SOLIDFX argues persuasively that it is a small company and that it cannot survive a substantial delay. In addition, SOLIDFX notes that "[b]ecause third parties are not subject to a litigation hold related to this matter, the longer this case is delayed, the greater the likelihood that evidence will be inadvertently destroyed or lost, or that witnesses' memories will have faded." Response [Doc. # 32] at pp. 7-8.
2. The Burden on the Defendant: Jeppesen argues generally that antitrust discovery is burdensome, but it fails to point to any pending discovery and provide evidence as to the burden it imposes.*fn1 Consequently, Jeppesen has failed to "make a particular and specific demonstration of fact in support" of the claimed need for a stay. See Christou, 2011 WL 650377 at *1.
In addition, the burden of antitrust discovery in this case appears to be substantially less than that involved in Twombly. There, a putative class composed of "all subscribers of local telephone and/or highspeed internet services" since 1996 brought antitrust claims against the four Incumbent Local Exchange Carriers who "allegedly control 90 percent or more of the market for local telephone service in the 48 contiguous States." Twombly, 550 U.S. at 550. This action, by contrast, is brought by one company against another based on events surrounding an alleged breach of a contract in May 2010. The scope of the cases, and the likely discovery associated with them, is vastly different.
Jeppesen does not seek to stay all discovery. Instead, it recognizes that discovery related to SOLIDFX's claim for breach of contract may go forward. I am not persuaded, and Jeppesen has not made an adequate showing, that the discovery related to the antitrust claims is substantially greater than the discovery necessary for the rest of the case.
Discovery often involves burden. Environmental cases, patent infringement cases, and collective actions under the Fair Labor Standards Act come immediately to mind as complex cases that may involve substantial discovery but which ordinarily are not stayed pending the determination of preliminary motions. Jeppesen has failed to explain why this case, simply because it involves antitrust claims, deserves special treatment not accorded other complex cases not asserting antitrust claims.
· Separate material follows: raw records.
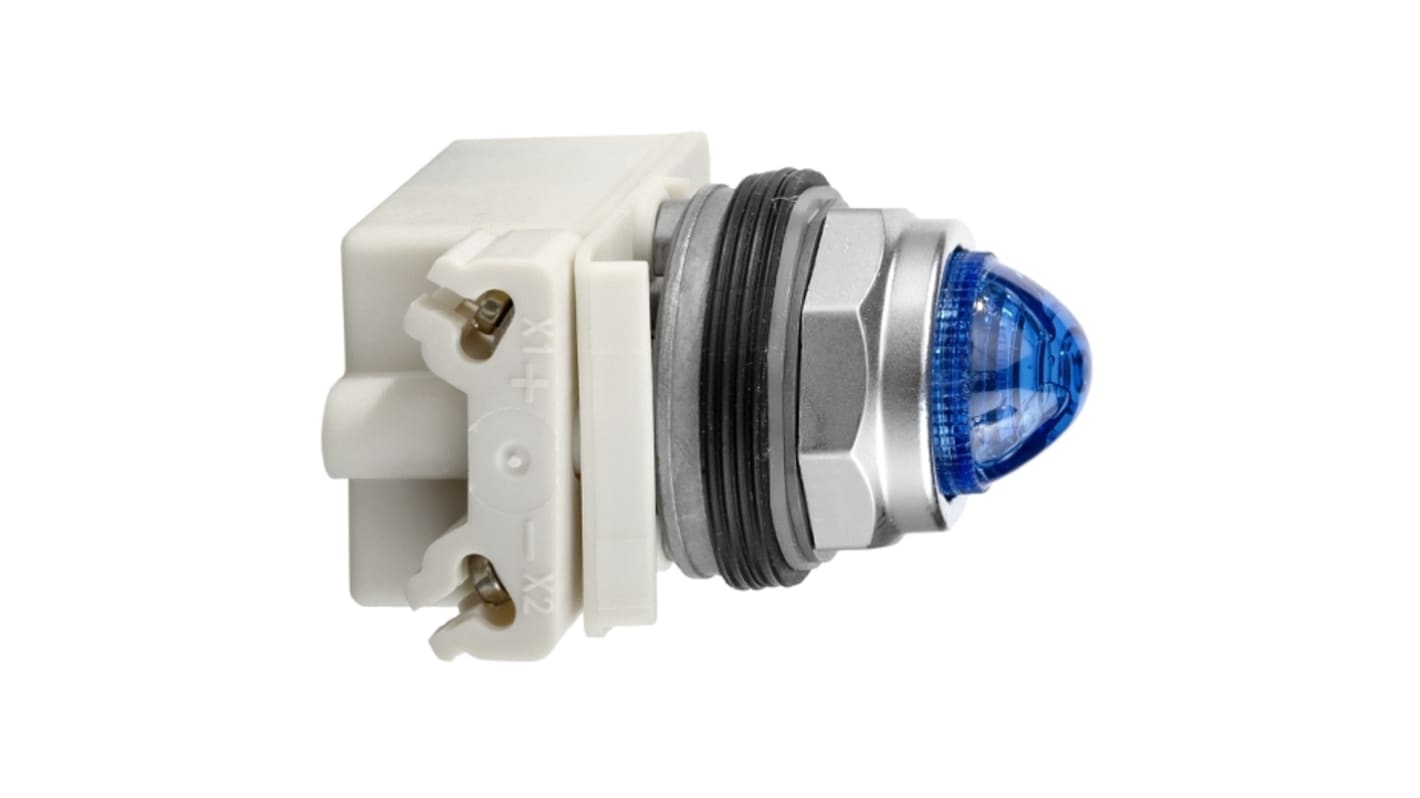 Luce pilota rotonda blu Schneider Electric, serie Harmony 9001K, 120V, 10A, IP66, foro 30mm, per applicazioni industriali.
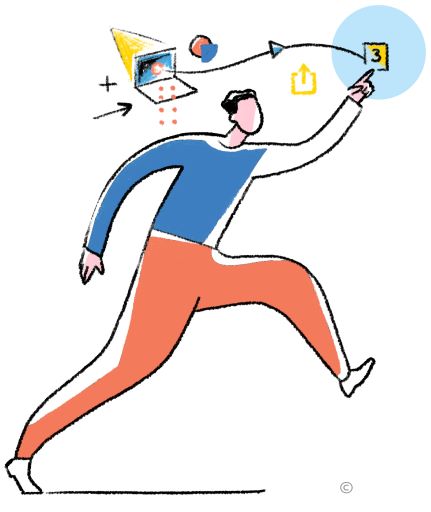 Kleurrijke man toont 3 eenvoudige stappen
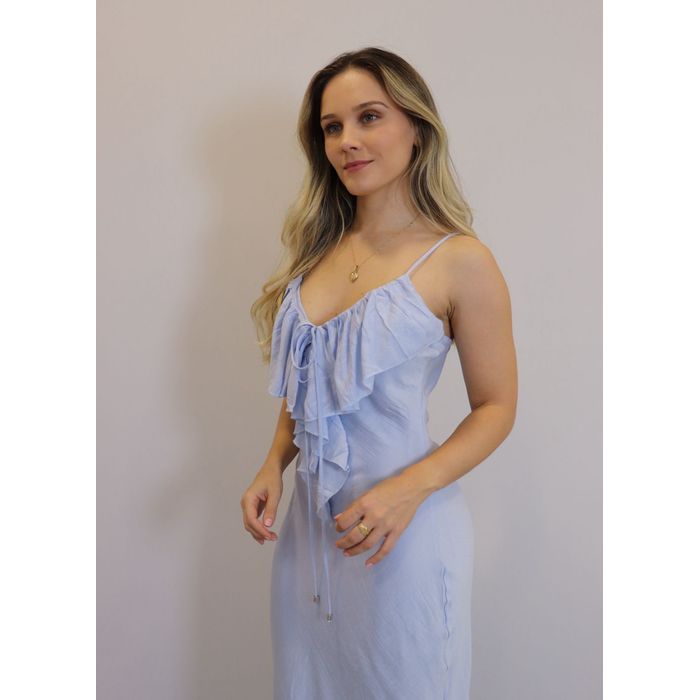 Vestido Longo My Crush Feminino Cor Azul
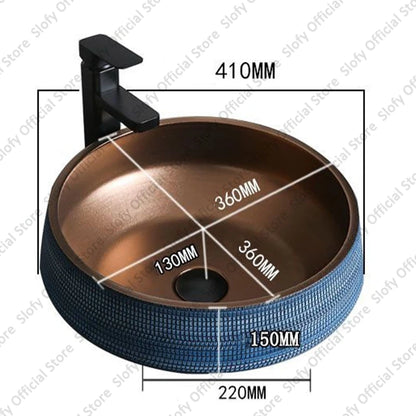 Understated Luxus-Waschbecken aus Metallglasur, Keramik, blaue Muster, Hotel- und Heimwaschbecken, kreative Kunst, Balkon-Waschbecken im Freien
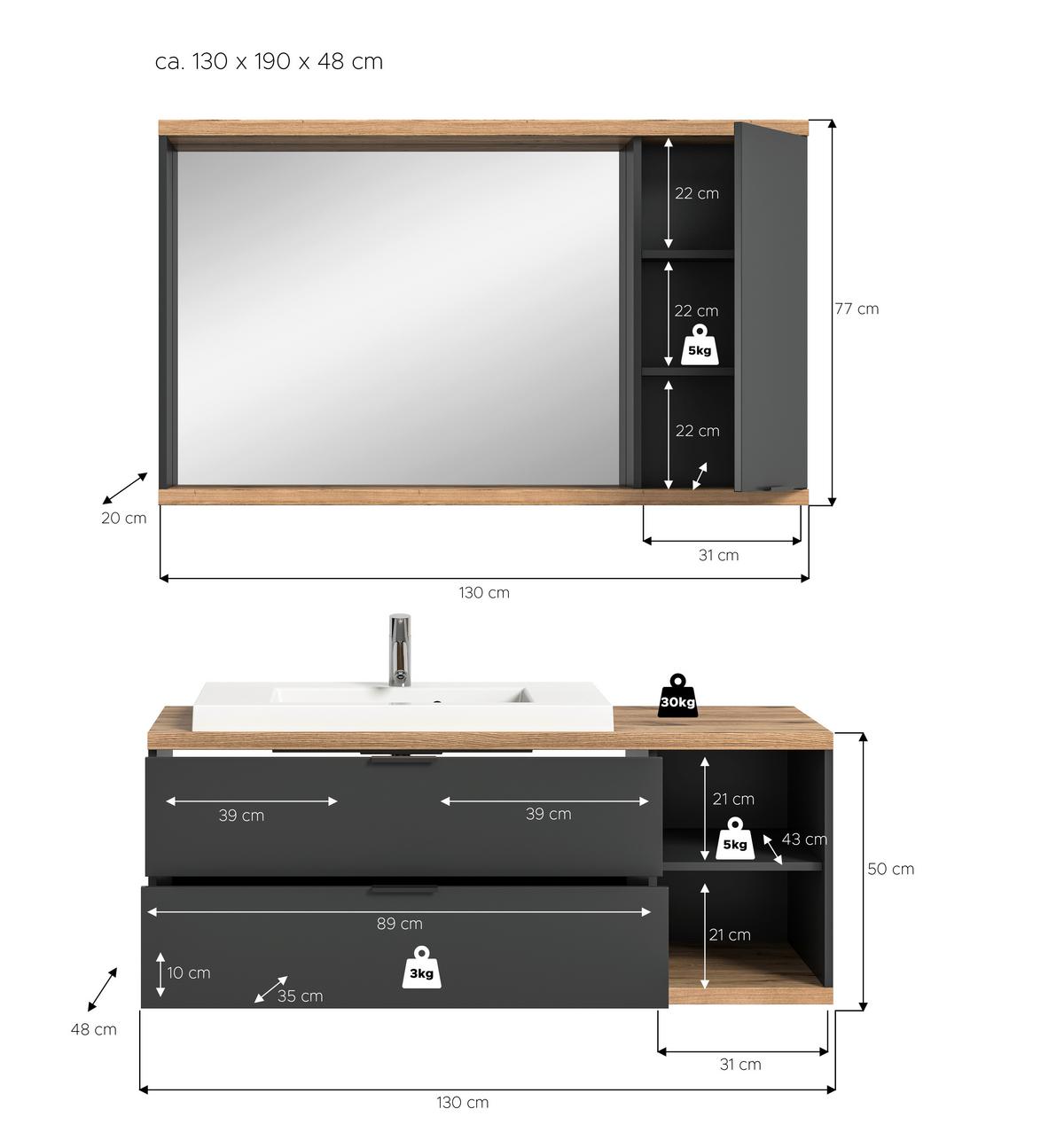 Badezimmer Nuaro Anthrazit B: 130cm - Anthrazit/Weiß, Basics, Glas/Holzwerkstoff (130cm) - MID.YOU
3. Convenience to the Court: Jeppesen fails to demonstrate that staying antitrust discovery will benefit the court. To the contrary, I can conceive of instances where staying the antitrust discovery while allowing discovery on the breach of contract claim could lead to increased discovery disputes requiring greater rather than less judicial involvement in the discovery process.
4. Interests of Non-Parties: Jeppesen has pointed to anticipated depositions of non-party witnesses related solely to the antitrust claims which will burden the non-party witnesses and may prove unnecessary if Jeppesen's motion to dismiss is granted. I agree that there may be some burden to non-parties. That burden, alone, is not sufficient to justify the requested stay.
5. The Public Interest: The public has competing interests. Rule 1, Fed. R. Civ. P., requires the "just, speedy, and inexpensive determination of every action. . . ." Staying discovery, potentially for an extended period of time, is contrary to a speedy resolution, while allowing discovery before the motion to dismiss is decided may be counterproductive to an inexpensive determination.
On balance, I find that the plaintiff's greater interest in proceeding expeditiously and the defendant's failure to demonstrate a particular, substantial, and unusual burden resulting from allowing antitrust discovery to proceed compel that the requested stay be denied.
IT IS ORDERED that the Motion to Stay [Doc. # 21] is DENIED.